Yo no creo que la preocupación llegue al extremo de que todos los que cargan con la escalera vayan de buena fe a esperar la venida de los Reyes Magos; pero algunos estoy convencido de que lo creen tan de veras, que cuando amanece el día seis sin haber visto a los Reyes, se llevan un chasco solemne; hay otros que saben lo que pasa, pero si les dan de cenar y un par de pesetas son capaces de cargar con la escalera haciendo a las mil maravillas el papel de tontos“.

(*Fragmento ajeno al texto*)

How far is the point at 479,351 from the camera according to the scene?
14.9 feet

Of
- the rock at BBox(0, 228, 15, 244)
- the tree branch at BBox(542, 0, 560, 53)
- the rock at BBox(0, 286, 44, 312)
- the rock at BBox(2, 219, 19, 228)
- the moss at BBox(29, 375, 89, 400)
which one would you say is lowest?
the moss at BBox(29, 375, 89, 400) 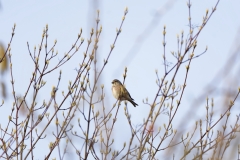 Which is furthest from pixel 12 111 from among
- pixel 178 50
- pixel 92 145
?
pixel 178 50

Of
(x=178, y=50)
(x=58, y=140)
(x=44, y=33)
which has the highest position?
(x=44, y=33)

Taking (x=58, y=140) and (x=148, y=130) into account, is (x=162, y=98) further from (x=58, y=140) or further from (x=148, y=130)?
(x=58, y=140)

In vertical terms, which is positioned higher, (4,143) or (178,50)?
(178,50)

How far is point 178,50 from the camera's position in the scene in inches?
188

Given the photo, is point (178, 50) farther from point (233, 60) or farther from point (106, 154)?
point (233, 60)

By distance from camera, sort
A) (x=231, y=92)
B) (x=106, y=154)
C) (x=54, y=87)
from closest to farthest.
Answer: (x=231, y=92), (x=106, y=154), (x=54, y=87)

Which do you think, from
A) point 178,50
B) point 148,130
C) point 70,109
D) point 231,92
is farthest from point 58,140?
point 231,92

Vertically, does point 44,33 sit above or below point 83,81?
above

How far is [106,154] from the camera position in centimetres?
437

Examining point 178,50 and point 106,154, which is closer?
point 106,154

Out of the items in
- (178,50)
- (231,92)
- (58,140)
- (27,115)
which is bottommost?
(231,92)

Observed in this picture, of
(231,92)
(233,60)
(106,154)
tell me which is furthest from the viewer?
(106,154)

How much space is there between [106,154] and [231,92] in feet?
7.28

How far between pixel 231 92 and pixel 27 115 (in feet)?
8.68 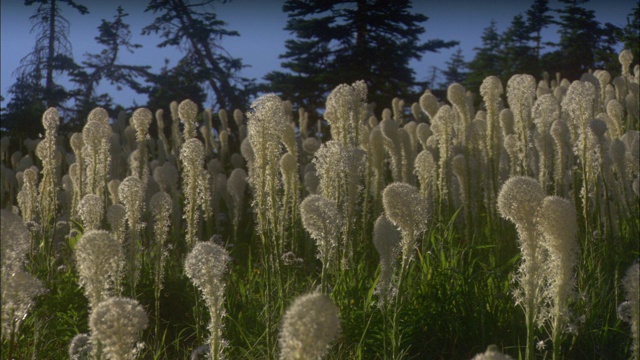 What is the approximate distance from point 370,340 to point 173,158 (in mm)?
5297

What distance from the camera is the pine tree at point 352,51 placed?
634 inches

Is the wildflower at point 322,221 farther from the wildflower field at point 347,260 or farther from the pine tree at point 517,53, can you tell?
the pine tree at point 517,53

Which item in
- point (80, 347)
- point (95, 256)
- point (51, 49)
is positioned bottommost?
point (80, 347)

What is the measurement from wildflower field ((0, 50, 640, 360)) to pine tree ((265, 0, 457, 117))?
9.90 metres

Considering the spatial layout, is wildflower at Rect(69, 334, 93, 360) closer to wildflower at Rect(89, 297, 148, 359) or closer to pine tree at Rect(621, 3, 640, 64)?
wildflower at Rect(89, 297, 148, 359)

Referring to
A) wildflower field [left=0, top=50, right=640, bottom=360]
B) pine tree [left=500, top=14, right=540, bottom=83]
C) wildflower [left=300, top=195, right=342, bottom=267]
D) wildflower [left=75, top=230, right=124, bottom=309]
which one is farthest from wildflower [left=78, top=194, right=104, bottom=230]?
pine tree [left=500, top=14, right=540, bottom=83]

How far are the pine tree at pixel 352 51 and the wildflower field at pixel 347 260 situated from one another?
32.5 feet

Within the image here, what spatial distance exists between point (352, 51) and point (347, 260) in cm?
1313

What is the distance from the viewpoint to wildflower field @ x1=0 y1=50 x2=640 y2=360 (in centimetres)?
211

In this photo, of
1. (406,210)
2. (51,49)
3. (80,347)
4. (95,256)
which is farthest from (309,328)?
(51,49)

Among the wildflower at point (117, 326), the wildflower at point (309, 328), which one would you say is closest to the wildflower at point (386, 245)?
the wildflower at point (117, 326)

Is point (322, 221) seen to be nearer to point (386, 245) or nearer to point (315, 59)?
point (386, 245)

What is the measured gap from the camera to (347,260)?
3795 mm

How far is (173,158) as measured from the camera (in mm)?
8195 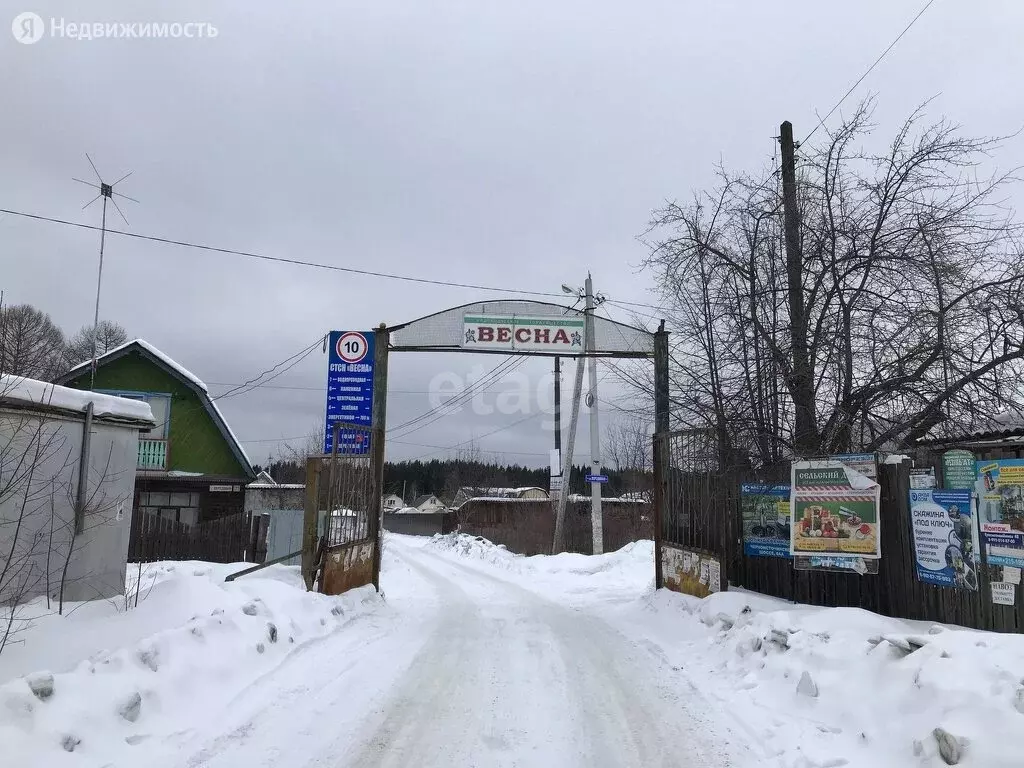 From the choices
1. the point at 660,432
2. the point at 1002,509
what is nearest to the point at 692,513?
the point at 660,432

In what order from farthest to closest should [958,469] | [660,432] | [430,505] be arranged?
[430,505], [660,432], [958,469]

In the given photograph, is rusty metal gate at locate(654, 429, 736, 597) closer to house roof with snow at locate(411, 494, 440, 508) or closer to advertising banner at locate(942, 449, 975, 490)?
advertising banner at locate(942, 449, 975, 490)

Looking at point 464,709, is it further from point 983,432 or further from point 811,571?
point 983,432

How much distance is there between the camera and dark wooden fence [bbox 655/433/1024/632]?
7384mm

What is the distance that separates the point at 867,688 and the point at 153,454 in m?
24.7

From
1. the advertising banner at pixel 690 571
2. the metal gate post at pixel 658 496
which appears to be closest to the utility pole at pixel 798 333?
the advertising banner at pixel 690 571

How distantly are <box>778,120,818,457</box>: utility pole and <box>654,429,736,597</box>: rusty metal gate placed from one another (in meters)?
1.46

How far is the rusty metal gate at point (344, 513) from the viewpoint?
11078 millimetres

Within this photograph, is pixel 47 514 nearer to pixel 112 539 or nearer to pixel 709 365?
pixel 112 539

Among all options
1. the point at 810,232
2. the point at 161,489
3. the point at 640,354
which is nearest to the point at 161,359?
the point at 161,489

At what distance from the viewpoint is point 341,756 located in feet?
17.3

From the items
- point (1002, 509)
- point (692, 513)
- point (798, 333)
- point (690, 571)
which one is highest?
point (798, 333)

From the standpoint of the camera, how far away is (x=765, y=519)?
1058 centimetres

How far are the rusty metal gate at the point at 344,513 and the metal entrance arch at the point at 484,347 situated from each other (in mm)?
198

La tradición fue desapareciendo en fricción con la creciente normativa municipal, que reglamentaba y penaba el desorden público de esta y otras tradiciones con cencerros y alboroto callejero, tal y como explica Eduardo Valero:
“A finales del año 1882, el entonces alcalde de Madrid, D. José Abascal y Carredano, aprueba una ordenanza por la que se cobra un impuesto a las comparsas y prohíbe la utilización de hachones, escaleras y todo tipo de ruidos y escándalos que causasen molestias al vecindario.
Con este bando el alcalde intentaba abolir el festejo... y desde luego que lo consiguió. La noche del 5 de enero de 1883 reinó la paz y la armonía en las calles y plazas de Madrid.
Sólo en algunos barrios de la periferia se manifestaron los adeptos a la celebración; lo hicieron con sus hachones encendidos, pero en silencio y cabizbajos“.
Como en otros aspectos del día a día en la ciudad, ésta sufrió una creciente normalización de las costumbres. De esta manera, el alboroto colectivo del 5 de enero se ordenó en las actuales cabalgatas, la primera de ellas celebrada en 1928, sin que la espontaneidad desapareciera por completo de las calles y plazas de Madrid.
Carmen de Burgos, Colombine, todavía sitúa en la Puerta del Sol el epicentro de la magia de la noche de Reyes, aunque ya desde una perspectiva más comercial, en su novela corta de 1919 Los comerciantes de la Puerta del Sol. Hablando de la noche en la que no cierran los bazares, describe Sol como el auténtico templo de la abundancia de la ciudad:
“Pero ninguno de aquellos muñecos de bazar tenía la gracia de los juguetes de la Puerta del Sol; en ninguna parte se encuentran esos muñecos ingeniosos, inefables, más que allí. Son los muñecos nacionales, los españoles por excelencia, los que se fabrican en casa, fruto de la fantasía de su inventor.
—¡Toribio que saca la lengua!
Un gallito que sube y baja pendiente de un elástico de bota antigua—aquellas botitas de elástico que casi han desaparecido—, monitos que saltan, aeroplanos que vuelan, ratoncitos que corren... Toda una serie de juguetes que es inútil buscar en ninguna otra parte, porque son como producto de un gran árbol de Noel que es la Puerta del Sol“.
Aún hoy, todo puede pasar en la Pueta del Sol de noche y cuando alguien porta un taburete o una escalera para mirar por encima de la muralla de carne que flanquea la gran cabalgata de Reyes en la Castellana, aflora, acaso sin saberlo, el eco lejano de aquellas noches de Reyes populares en las que los trabajadores tomaban la ciudad.